__Data__
-- Opening Marker --

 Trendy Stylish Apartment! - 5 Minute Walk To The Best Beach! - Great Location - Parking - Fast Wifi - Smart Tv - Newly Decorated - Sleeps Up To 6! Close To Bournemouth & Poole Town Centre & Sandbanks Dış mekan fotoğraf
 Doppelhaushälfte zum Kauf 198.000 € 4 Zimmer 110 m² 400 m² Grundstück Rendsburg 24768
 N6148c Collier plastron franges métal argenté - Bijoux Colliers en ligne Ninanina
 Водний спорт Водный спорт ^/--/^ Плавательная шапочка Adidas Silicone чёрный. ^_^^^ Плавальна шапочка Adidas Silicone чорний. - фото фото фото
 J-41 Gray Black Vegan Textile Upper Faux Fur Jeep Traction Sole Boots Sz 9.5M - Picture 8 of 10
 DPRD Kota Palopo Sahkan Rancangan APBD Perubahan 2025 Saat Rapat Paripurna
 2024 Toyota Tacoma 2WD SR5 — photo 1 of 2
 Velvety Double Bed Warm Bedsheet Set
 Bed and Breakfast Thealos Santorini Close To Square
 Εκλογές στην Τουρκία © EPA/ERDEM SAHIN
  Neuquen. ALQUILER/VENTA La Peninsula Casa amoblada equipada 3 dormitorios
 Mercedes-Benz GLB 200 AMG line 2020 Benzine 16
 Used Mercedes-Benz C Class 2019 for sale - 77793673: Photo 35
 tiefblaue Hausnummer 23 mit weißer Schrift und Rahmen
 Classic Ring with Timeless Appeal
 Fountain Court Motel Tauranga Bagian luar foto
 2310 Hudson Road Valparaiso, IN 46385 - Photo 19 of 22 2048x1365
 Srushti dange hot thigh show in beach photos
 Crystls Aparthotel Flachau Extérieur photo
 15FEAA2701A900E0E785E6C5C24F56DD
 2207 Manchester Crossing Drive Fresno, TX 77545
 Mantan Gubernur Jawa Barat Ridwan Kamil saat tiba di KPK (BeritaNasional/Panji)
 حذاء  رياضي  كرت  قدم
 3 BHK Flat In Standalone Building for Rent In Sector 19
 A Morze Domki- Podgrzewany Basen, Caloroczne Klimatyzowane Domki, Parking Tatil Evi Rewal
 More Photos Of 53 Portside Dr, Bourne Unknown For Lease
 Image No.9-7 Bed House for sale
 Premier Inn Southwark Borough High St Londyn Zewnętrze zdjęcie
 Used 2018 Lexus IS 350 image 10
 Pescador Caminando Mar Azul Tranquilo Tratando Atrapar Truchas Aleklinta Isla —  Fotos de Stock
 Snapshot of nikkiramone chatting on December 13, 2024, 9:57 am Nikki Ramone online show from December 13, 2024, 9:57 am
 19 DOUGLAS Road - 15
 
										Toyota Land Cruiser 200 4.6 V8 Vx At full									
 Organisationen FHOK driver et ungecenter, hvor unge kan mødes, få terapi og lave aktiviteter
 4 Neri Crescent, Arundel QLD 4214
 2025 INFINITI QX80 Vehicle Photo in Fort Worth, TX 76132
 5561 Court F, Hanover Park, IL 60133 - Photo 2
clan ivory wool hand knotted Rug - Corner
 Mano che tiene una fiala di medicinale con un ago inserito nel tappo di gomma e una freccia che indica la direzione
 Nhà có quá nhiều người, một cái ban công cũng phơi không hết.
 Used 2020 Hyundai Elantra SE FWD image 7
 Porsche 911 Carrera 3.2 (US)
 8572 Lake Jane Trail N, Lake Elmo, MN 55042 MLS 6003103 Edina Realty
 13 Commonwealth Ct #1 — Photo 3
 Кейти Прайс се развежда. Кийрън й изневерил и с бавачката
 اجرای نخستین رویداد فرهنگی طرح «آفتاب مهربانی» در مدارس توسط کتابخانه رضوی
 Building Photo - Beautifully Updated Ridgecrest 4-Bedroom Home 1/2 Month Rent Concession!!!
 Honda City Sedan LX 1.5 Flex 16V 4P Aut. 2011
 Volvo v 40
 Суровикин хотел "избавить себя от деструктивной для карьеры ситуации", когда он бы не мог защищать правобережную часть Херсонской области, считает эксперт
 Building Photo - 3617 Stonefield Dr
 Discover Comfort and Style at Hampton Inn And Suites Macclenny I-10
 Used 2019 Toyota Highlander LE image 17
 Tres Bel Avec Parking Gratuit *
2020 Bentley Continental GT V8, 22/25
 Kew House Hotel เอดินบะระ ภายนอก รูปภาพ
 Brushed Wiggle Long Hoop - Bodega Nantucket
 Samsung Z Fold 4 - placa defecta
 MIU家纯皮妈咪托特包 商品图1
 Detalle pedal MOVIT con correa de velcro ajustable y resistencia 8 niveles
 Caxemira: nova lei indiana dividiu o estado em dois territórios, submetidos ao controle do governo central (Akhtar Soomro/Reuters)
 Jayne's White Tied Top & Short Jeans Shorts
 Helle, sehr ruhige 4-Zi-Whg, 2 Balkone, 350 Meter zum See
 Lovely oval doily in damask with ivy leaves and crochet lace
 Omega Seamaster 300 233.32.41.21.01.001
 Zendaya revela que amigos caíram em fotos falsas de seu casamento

-- Closing Marker --

__Required action__
Repeat the records above line by line, from the first line through the line that contains "Doppelhaushälfte zum Kauf".

__Exercise result__
 Trendy Stylish Apartment! - 5 Minute Walk To The Best Beach! - Great Location - Parking - Fast Wifi - Smart Tv - Newly Decorated - Sleeps Up To 6! Close To Bournemouth & Poole Town Centre & Sandbanks Dış mekan fotoğraf
 Doppelhaushälfte zum Kauf 198.000 € 4 Zimmer 110 m² 400 m² Grundstück Rendsburg 24768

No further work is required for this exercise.